← Back to Course Summary / 返回课程总结
WEEK 6

Security & Vulnerabilities
安全与漏洞修复

Scan, Identify, and Fix Security Vulnerabilities
扫描、识别和修复安全漏洞

Learn to use Semgrep for static analysis, identify OWASP Top 10 vulnerabilities, and implement security fixes including SQL injection prevention, XSS protection, and secure cryptography.

学习使用Semgrep进行静态分析,识别OWASP十大漏洞,并实施安全修复,包括SQL注入防护、XSS保护和安全加密。
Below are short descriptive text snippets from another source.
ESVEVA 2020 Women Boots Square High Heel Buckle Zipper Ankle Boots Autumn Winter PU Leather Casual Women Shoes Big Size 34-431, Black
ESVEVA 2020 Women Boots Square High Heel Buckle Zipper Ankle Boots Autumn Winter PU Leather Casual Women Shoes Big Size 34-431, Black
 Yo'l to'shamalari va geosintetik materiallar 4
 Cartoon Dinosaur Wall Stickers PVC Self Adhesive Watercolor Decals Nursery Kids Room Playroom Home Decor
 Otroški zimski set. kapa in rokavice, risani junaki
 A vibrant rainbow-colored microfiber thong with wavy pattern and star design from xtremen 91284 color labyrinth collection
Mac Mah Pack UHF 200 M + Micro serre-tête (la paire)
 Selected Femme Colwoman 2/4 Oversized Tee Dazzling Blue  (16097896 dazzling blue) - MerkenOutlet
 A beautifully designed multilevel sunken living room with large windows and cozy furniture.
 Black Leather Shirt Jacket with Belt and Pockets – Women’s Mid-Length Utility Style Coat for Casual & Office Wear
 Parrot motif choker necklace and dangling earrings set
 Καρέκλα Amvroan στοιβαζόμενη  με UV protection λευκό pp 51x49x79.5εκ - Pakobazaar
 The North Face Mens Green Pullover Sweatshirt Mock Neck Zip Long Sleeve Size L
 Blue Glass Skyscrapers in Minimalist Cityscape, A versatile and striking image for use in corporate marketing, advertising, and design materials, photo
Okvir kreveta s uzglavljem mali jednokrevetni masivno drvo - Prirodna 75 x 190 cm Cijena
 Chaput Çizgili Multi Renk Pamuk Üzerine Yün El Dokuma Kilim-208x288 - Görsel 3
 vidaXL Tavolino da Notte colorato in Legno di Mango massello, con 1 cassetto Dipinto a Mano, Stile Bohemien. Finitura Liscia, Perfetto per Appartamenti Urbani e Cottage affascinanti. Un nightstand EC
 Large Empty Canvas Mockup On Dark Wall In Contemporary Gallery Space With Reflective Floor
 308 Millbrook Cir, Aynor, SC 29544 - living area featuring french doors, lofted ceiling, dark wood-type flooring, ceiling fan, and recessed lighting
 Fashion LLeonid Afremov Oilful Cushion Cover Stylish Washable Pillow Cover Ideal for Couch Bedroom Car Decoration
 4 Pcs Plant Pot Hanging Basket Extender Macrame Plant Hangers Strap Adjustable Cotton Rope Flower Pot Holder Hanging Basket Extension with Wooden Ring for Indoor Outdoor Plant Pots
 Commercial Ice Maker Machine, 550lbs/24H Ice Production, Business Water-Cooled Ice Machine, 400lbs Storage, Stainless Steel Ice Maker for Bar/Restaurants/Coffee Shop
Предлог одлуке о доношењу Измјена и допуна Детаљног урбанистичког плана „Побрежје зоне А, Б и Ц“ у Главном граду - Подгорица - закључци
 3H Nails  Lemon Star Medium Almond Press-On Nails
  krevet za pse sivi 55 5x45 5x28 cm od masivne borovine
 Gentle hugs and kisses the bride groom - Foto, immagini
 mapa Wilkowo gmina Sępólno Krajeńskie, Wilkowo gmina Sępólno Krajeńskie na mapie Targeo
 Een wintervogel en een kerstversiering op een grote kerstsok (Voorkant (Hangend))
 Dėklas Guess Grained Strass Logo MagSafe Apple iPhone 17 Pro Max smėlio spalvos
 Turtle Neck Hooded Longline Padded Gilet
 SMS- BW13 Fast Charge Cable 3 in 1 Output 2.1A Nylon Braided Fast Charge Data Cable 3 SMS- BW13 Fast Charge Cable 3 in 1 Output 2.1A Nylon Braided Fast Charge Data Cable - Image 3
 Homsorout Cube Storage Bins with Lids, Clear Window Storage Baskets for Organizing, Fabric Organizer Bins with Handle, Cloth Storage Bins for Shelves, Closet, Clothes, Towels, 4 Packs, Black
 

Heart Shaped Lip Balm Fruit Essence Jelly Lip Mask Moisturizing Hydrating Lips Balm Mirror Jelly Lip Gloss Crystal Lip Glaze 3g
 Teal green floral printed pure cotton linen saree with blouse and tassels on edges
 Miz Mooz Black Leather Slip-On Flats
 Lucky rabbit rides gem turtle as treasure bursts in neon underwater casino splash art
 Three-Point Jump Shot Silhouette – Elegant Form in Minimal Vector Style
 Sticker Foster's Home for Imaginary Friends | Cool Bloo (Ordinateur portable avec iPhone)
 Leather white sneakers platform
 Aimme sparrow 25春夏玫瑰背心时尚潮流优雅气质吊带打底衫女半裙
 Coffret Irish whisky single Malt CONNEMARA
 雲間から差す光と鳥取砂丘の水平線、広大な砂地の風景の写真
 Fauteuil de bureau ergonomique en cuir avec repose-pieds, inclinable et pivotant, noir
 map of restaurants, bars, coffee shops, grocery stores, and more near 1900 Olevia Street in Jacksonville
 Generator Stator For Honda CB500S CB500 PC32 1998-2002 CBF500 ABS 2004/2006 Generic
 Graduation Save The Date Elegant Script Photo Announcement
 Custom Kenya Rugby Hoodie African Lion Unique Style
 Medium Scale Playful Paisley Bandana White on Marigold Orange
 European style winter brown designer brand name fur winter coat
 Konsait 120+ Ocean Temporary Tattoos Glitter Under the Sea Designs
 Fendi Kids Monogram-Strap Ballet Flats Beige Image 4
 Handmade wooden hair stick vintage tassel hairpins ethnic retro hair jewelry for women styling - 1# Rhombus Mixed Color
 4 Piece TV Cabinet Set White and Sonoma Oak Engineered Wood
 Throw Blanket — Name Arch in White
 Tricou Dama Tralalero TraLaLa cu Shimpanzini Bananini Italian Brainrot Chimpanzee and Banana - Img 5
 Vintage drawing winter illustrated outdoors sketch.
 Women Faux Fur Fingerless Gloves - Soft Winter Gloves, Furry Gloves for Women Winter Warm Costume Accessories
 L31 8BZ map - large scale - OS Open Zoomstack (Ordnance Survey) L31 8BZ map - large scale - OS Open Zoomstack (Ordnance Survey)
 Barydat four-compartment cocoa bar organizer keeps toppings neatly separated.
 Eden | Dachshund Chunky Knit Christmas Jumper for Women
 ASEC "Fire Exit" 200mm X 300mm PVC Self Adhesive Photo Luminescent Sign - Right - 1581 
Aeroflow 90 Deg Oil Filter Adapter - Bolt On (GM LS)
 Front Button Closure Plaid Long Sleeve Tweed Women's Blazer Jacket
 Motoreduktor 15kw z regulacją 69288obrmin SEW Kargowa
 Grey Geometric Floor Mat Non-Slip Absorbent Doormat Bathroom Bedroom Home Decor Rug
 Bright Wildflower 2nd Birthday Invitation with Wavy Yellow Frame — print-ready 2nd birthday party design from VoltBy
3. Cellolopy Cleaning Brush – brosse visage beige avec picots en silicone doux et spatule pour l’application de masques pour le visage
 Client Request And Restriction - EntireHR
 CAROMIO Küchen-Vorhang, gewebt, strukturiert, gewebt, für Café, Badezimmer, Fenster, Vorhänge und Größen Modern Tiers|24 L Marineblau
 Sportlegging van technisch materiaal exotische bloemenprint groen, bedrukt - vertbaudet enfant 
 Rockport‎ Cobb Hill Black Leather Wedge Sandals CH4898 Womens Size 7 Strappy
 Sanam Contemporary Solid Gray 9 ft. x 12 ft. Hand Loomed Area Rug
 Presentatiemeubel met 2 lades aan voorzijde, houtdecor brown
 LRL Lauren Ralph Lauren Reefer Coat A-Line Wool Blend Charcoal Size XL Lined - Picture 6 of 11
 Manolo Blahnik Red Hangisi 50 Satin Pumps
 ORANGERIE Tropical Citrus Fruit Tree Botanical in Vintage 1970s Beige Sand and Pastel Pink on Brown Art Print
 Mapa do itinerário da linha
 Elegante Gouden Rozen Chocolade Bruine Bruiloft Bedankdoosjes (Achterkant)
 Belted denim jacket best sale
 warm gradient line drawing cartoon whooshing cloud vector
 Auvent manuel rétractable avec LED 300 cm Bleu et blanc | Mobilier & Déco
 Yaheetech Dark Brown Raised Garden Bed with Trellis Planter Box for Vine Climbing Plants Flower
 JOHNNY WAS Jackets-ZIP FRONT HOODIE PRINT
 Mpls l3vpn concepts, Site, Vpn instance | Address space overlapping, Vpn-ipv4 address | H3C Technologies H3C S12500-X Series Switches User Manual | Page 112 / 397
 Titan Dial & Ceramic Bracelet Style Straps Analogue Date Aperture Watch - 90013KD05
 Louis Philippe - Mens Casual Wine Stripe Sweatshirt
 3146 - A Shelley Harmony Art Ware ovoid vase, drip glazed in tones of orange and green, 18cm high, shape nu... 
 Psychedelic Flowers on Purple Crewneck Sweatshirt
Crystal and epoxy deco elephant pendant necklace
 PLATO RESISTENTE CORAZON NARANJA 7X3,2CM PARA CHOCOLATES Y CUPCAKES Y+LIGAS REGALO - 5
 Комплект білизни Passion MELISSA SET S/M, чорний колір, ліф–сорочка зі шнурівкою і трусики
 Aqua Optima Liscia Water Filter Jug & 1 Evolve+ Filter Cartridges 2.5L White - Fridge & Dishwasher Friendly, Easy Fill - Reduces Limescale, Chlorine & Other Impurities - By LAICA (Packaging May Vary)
Hands-On Security Tutorial / 实践安全教程

🎯 Week 6 Project / 本周项目
Perform a complete security audit on the Developer's Command Center application, identify 8 vulnerabilities using Semgrep, and implement fixes for SQL injection, XSS, weak cryptography, and more.

对开发者控制中心应用执行完整的安全审计,使用Semgrep识别8个漏洞,并实施SQL注入、XSS、弱加密等修复。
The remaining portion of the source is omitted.